The consolidation measure will be introduced to school committees in each of the three towns of Union 29 this week. And if they pass it, public hearings and a Nov. 4 vote will follow.

“I hope people take the time to understand it,” said John Hawley, Mechanic Falls’ town manager and part of the 23-member group who authored the plan. Taxpayers in all three towns will be protected, he insisted.

“The inequities have been taken care of,” Hawley said.

The plan calls for each of the three towns to have five seats on the consolidated district. And for the first five years, each town’s portion of the school budget and the debt would be based mostly on the total property values, rather than how many kids the town sends.

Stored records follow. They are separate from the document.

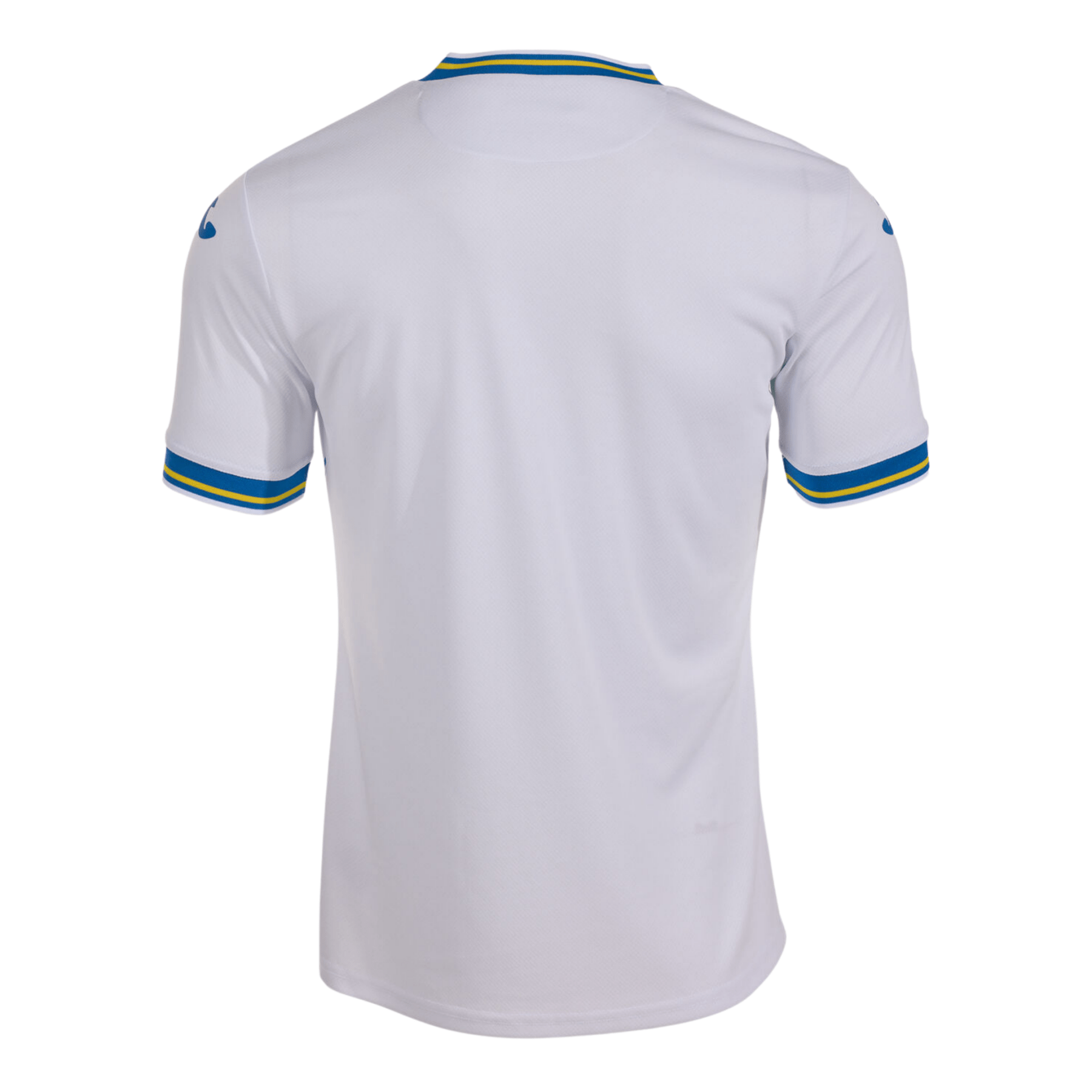 FC LORIENT Away Jersey Men 25 / 26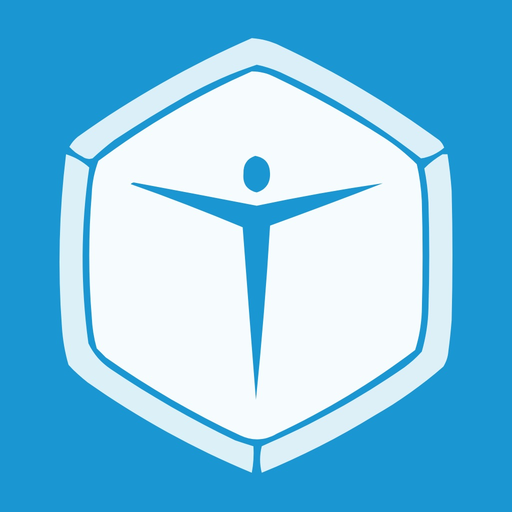 VO2 Master Manager app icon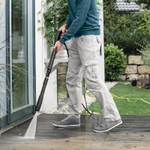 Струйная трубка Vario Power VP 180, K7, G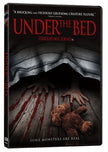 Under the Bed - DVD (Used)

After that, the combined school board would decide how to proceed.

It’s a plan that Hawley is proud to support, he said.

However, when the 23-member group began meeting nearly nine weeks ago, he figured it would dissolve into petty politics.

“I thought, ‘There is absolutely no way,'” Hawley said. The group was too big and the towns – though unified by a loose school union – were too different.

Within the group, Poland is seen as the big town with lots of high-value property and the biggest population. It also had the greatest debt.

About $11 million is owed on the construction of Poland Regional High School, which opened in 1999. However, most of that money will paid by the state. Currently, Poland’s biggest debt is about $1.15 million owed on the addition to Poland Community School.

By comparison, Minot has virtually no debt. Mechanic Falls sits in the middle with about $480,000 owed on the addition to the Elm Street School, the town’s only school.

“For us, it’ll be a good thing in the long run,” Hawley said about the plan to consolidate debt. Though Mechanic Falls residents will be on the hook for some of Poland’s debt, Mechanic Falls’ debt will be added to the mix, and the Elm Street School remains a fixer-upper.

“We’d probably have to make some changes in the next few years there,” he said. The school was recently forced to replace its underground fuel tanks. The work cost more than $38,000.

The Sun Journal was unsuccessful in reaching Minot’s members of the plan committee.

However, Minot might also see dividends in new programs or eventually, physical changes at its school, suggested David Griffiths, a plan committee member from Mechanic Falls.

There is a chance to share specialized staff in new ways, Griffiths said. Minot currently has no music program for its children.

The plan includes redrawing bus routes among all three towns and, eventually, consolidating the busing of all of the towns’ children.

Anticipated savings would follow efforts already begun in the school union to save money.

Union Superintendent Dennis Duquette has led the elimination of several jobs through attrition. He has also vowed that in the first year of a consolidated district, the portion of the school budget to be raised by taxes would not increase.

Poland Town Manager Dana Lee, another member of the planning group, said he hopes people in all three towns will eagerly sign on.

They would have been proud of the way the group came together on the plan, checking egos and parochial arguments at the door, he said.

“This whole effort was, potentially, a mine field,” Lee said. “Everybody met in good faith and there was a strong feeling of give and take. I truly believe that nobody is hurt financially here.”

Penalties for inaction could be harsh, warned Lee, Hawley and Griffiths.

The plan is part of the statewide consolidation effort to force schools to work together more and find savings. Towns that opt out could lose millions in subsidies.

“We all had the same interest in the end,” Hawley said.